The GPA Test

Does your GPA really matter?

I’ve been told “D for degree” is an acceptable way of approaching college- all you need is to pass, you can get D’s if it gets you through. No employers ask for GPA because they only care if you got the degree or not. Your grade in Business Administration 101 (is that a class? I’m a MCOM major, I have no idea) doesn’t necessarily affect how well you will be able to perform your job. That’s one way of looking at it.

Exception: if Tim Gunn is your sewing teacher, you should probably care.

Teachers, however, do care if you get an A in their class. Why? We all know the answer. “Because we’re trying to teach you, so you should try to learn it.” The same general concept as “we don’t text while you’re talking, so don’t text while we’re talking.” (As if we would care if they texted while we’re talking. But whatever!) You’re a physics major, but your sewing teacher wants you to spend 4 hours on a Saturday at a sewing conference downtown, then work your butt off to get an A on the final. You will never use sewing as a physics major, (speaking generally, of course, you never know) but your sewing instructor thinks it’s the most important class at Towson. Therefore, they want you to get an A. Because they care about it.

Just do the work.. It won’t kill you.

I think that college students generally fall into 3 categories on thoughts about GPA. Of course some people will vary between extremes and opinions, and some people probably have whacky ideas that I’d never think of. But here are my 3 generalizations.

Some students think that GPA couldn’t be any less important. They’re focusing on working full time, having an engaging social life, and a lot of times even raising a family. Some students don’t care because they’re just plain lazy- but we won’t get into that. Passing, skating by, and just getting a degree are the only priorities for certain students (some for better reasons than others).

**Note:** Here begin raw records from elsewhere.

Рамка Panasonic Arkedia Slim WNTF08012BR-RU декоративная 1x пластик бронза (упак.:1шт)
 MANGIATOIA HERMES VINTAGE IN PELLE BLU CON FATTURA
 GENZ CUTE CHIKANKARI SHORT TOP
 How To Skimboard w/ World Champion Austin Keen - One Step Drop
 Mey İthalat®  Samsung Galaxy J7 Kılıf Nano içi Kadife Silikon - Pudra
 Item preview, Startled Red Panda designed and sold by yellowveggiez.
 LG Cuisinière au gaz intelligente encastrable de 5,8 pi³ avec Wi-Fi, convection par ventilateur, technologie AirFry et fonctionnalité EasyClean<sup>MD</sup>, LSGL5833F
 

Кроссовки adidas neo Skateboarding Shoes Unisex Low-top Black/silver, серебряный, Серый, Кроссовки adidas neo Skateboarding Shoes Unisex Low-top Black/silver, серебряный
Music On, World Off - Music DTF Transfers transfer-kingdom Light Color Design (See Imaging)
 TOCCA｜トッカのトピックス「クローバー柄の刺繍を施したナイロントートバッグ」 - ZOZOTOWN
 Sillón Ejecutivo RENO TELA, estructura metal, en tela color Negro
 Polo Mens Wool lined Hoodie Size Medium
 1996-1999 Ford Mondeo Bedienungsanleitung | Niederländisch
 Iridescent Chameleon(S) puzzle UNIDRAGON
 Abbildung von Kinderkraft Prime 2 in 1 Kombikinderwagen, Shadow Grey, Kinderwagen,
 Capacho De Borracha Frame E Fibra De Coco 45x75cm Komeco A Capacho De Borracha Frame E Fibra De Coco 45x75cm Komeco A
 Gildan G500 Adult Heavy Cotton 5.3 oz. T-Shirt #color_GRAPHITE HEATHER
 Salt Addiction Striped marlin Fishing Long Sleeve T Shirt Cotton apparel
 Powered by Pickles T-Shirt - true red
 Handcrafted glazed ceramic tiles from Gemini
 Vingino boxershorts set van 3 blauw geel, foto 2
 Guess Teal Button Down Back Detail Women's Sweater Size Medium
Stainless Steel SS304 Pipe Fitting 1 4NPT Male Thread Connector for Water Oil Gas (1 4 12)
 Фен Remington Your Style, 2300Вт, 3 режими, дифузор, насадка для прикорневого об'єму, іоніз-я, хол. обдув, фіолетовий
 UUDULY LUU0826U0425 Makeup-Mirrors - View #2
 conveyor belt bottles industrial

Good work, I’m proud of ya.

Others might say that yes, GPA matters more than anything else. It matters more than making friends, or having a job, or gaining “the college experience,” whatever that means. GPA may be the be all end all for some students, and that’s okay. Maybe they have parents to impress, goals to meet, or extreme OCD/Type A personality. You never know. My point is, none of these viewpoints are wrong.

The last category is the lukewarm category: someone who says, eh, GPA kind of matters. They don’t want to not give a crap about their grades and they want to try, but they also want to balance other things in their life as well. Getting A’s doesn’t mean everything, but it’s worth at least trying for.

Dude. Just give it up and go to sleep.

Personally, I fall into the third category. My GPA is important to me: GPA=$$$. If I don’t keep a certain grade average, I lose scholarships, and I could also lose my on-campus jobs. (They have minimum GPA requirements.) Then I’ll have to take out a loan, and 40 years from now I’ll be 60 years old and still paying back my debt to Towson University. Hopefully, I’ll have moved on to bigger and better things that include enough parking for more than 10% of people that need to park there. But when it comes down to it, if I’m studying and it’s past 1 am, sleep is my priority. I will not pull an all-nighter for any reason. It’s a favor to the world, I promise.

So does GPA matter? That’s a question only you can answer. I would urge you, though, if you’re on either extreme of the spectrum, to re-evaluate. Is drinking beer and playing video games on a friend’s couch really better than just writing 3 paragraphs for your class? No. It’s probably not. Is getting a 100% on that paper really so important to you that you can’t take the time to go to the bathroom and eat dinner? No. It’s probably not.

Again, I’m not trying to say that anyone is wrong in these situations. I just don’t think that extremes are good for anyone, so it’s good to try to balance everything well.